§ **Supplied entries**:

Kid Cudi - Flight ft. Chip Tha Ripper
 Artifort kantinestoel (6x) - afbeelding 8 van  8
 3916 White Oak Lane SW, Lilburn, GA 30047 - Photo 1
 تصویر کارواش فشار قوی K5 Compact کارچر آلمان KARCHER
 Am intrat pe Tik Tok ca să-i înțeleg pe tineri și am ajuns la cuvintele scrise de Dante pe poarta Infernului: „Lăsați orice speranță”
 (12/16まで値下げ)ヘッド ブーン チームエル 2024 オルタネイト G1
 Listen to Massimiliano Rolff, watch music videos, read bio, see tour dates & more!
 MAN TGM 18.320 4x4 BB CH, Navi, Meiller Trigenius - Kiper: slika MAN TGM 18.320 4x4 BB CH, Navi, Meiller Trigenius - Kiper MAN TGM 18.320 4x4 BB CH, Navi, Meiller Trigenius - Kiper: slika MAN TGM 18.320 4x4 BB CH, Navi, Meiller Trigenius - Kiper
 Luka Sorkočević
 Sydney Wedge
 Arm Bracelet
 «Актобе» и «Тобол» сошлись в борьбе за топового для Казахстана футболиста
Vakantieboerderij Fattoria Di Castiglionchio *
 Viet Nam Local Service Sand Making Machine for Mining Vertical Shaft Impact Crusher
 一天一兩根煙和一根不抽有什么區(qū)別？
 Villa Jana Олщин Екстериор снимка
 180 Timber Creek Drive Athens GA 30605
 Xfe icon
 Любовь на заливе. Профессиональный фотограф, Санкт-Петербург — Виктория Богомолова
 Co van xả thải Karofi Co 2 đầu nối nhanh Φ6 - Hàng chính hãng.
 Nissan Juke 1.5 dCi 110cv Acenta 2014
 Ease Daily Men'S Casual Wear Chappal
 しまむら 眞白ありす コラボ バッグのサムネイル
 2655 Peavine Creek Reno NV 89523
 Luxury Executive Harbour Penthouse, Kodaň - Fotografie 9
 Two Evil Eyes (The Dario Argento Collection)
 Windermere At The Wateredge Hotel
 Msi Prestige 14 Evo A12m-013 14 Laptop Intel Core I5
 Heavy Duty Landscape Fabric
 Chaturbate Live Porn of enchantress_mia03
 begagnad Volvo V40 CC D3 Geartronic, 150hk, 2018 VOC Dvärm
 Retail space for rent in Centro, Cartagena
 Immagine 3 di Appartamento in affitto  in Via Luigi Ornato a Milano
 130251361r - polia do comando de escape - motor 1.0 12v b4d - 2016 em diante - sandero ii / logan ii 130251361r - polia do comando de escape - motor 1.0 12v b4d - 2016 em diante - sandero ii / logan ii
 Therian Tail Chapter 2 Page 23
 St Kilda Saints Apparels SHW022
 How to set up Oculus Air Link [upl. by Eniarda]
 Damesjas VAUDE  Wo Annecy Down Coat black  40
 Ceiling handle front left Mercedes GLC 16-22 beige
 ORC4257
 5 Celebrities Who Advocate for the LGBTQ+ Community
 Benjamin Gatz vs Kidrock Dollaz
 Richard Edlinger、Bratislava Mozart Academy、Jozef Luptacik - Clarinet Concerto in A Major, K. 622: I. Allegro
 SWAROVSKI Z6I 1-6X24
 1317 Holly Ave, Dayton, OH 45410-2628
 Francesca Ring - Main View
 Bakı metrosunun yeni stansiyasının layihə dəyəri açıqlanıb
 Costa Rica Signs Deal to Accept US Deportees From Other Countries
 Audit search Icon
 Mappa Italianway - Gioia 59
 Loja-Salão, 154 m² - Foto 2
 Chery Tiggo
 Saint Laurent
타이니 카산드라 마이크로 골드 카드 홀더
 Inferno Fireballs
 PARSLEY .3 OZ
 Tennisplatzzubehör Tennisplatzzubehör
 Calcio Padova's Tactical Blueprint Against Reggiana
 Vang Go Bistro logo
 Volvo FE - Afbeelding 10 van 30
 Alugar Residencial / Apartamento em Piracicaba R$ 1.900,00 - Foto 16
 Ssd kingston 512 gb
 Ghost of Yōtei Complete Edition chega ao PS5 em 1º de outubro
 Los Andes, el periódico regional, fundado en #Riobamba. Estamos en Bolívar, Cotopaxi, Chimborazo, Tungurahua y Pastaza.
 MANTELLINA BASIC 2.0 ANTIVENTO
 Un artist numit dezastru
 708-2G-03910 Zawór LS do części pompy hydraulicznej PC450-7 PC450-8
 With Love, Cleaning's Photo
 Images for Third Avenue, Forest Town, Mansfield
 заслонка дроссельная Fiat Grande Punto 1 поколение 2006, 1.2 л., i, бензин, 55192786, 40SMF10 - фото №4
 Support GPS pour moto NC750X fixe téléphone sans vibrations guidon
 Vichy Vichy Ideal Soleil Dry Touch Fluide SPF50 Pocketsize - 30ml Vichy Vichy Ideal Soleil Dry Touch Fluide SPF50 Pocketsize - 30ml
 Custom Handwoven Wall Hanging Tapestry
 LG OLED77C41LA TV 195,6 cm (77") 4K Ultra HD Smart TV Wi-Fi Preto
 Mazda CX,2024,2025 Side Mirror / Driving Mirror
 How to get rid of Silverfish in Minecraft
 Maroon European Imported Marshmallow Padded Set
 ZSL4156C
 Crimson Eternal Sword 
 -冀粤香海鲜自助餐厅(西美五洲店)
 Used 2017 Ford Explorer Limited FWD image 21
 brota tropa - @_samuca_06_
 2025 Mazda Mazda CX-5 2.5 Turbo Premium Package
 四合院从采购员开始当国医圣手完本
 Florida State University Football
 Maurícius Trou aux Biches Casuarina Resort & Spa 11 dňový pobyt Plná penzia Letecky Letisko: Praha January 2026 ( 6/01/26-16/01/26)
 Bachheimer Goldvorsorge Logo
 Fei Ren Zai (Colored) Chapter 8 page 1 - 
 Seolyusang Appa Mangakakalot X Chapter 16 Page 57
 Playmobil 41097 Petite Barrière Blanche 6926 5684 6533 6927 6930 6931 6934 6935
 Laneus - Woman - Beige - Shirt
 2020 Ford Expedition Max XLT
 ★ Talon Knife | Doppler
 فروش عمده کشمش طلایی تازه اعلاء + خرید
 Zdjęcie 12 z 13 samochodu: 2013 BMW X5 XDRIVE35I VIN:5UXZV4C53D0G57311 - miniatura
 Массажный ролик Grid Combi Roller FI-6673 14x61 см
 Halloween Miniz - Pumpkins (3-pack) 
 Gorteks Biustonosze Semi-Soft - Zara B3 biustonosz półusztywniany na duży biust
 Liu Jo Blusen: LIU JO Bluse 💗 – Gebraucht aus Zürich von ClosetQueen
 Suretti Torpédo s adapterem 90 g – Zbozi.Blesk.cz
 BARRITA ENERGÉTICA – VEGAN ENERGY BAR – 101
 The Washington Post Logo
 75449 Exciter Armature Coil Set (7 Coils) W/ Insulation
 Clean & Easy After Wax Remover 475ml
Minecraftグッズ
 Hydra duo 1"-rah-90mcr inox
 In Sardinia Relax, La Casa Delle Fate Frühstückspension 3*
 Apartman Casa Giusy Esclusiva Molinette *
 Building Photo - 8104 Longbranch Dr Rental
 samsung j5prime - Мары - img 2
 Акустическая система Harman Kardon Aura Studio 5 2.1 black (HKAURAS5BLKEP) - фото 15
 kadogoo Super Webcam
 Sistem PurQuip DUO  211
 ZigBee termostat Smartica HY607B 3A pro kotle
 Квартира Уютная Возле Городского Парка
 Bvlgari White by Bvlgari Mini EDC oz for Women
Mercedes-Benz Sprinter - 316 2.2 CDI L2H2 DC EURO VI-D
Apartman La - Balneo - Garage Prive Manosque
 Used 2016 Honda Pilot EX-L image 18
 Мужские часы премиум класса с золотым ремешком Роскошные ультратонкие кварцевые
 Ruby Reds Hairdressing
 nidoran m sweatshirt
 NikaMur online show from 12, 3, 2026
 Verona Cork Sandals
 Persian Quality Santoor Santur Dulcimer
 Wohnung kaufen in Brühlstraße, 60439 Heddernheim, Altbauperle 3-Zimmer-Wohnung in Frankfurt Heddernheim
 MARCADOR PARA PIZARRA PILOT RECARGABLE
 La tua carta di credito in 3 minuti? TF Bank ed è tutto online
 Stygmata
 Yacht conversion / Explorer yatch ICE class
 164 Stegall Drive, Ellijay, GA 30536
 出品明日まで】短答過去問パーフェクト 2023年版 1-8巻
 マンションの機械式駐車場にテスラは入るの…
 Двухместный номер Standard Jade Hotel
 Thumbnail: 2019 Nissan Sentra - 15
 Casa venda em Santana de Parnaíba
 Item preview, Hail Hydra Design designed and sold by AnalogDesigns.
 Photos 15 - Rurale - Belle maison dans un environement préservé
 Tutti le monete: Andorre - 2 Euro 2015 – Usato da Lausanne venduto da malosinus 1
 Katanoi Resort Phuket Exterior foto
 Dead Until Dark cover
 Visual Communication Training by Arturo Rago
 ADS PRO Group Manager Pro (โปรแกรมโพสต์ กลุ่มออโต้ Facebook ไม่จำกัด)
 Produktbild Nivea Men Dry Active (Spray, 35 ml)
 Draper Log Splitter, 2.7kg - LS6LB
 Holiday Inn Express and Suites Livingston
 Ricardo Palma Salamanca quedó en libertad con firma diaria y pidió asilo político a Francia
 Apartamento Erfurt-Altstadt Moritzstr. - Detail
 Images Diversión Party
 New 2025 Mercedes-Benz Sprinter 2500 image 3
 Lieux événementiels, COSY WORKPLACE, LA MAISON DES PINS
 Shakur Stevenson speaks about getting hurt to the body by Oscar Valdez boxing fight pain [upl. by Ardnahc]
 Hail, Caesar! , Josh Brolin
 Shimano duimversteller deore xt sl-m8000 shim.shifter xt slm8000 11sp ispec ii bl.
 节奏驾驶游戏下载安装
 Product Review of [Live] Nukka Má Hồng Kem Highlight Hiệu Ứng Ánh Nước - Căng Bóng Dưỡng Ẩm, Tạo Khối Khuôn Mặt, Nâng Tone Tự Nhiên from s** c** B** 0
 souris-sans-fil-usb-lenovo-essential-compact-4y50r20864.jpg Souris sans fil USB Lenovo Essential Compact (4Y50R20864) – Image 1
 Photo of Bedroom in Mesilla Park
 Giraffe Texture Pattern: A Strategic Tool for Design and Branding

§ **What needs to be done**: Where in the listing does the string "black" appear? Copy every line that has it.

§ **Finished exercise**:
 Damesjas VAUDE  Wo Annecy Down Coat black  40
 Акустическая система Harman Kardon Aura Studio 5 2.1 black (HKAURAS5BLKEP) - фото 15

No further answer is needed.